───── DATASET ENTRIES ─────

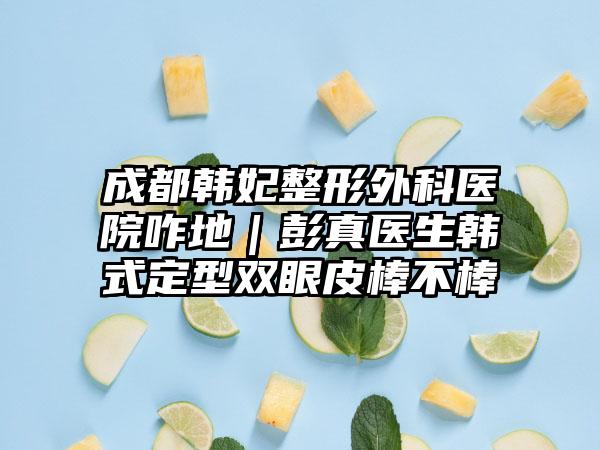 成都韩妃整形外科医院咋地｜彭真医生韩式定型双眼皮棒不棒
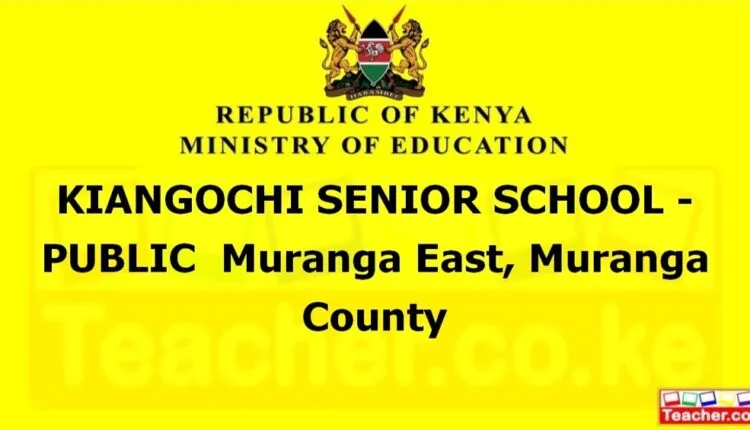 Kiangochi Senior School - Public - Muranga
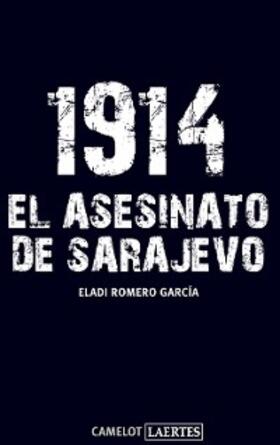Romero García |  1914. El asesinato de Sarajevo | eBook | Sack Fachmedien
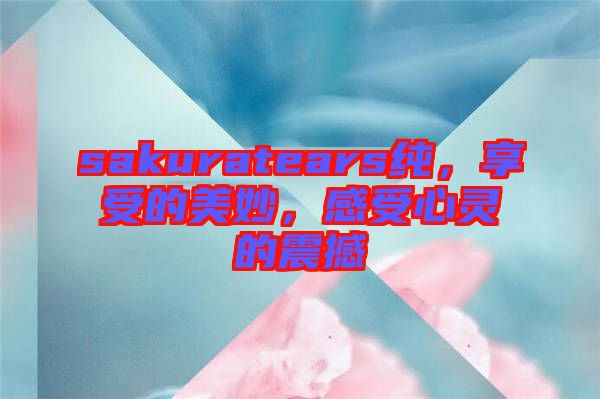 sakuratears純，享受的美妙，感受心靈的震撼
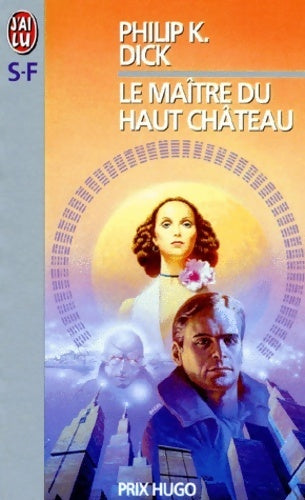 Livrenpoche : Le maître du Haut Château - Philip Kindred Dick - Livre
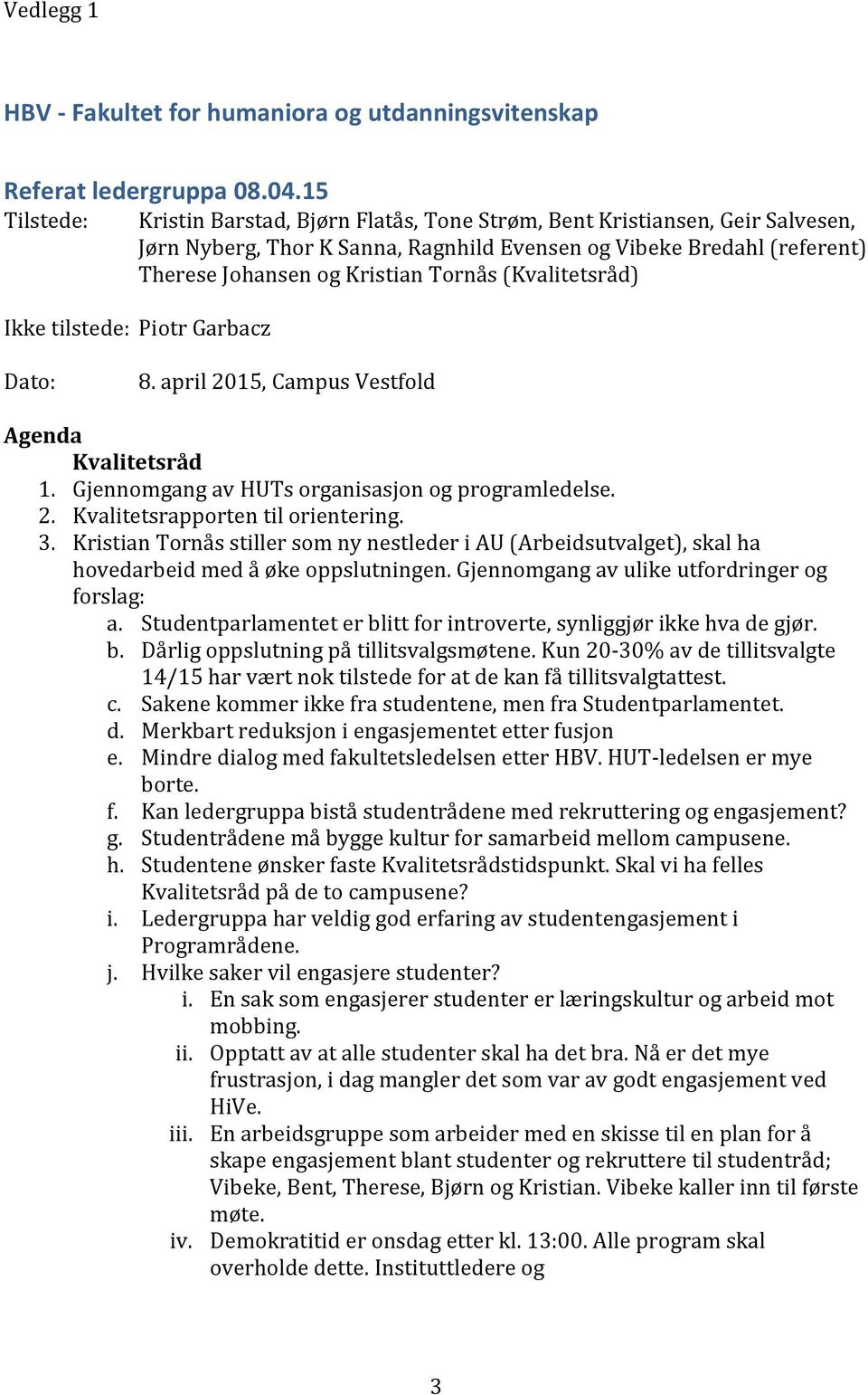 (Kvalitetsråd) Ikke tilstede: Piotr Garbacz Dato: 8. april 2015, Campus Vestfold Agenda Kvalitetsråd 1. Gjennomgang av HUTs organisasjon og programledelse. 2. Kvalitetsrapporten til orientering. 3.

─────

TASK PROMPT -
With the pictures removed, return all the entries exactly.

RESPONSE FOR THIS EXERCISE -
 成都韩妃整形外科医院咋地｜彭真医生韩式定型双眼皮棒不棒
 Kiangochi Senior School - Public - Muranga
Romero García |  1914. El asesinato de Sarajevo | eBook | Sack Fachmedien
 sakuratears純，享受的美妙，感受心靈的震撼
 Livrenpoche : Le maître du Haut Château - Philip Kindred Dick - Livre
 (Kvalitetsråd) Ikke tilstede: Piotr Garbacz Dato: 8. april 2015, Campus Vestfold Agenda Kvalitetsråd 1. Gjennomgang av HUTs organisasjon og programledelse. 2. Kvalitetsrapporten til orientering. 3.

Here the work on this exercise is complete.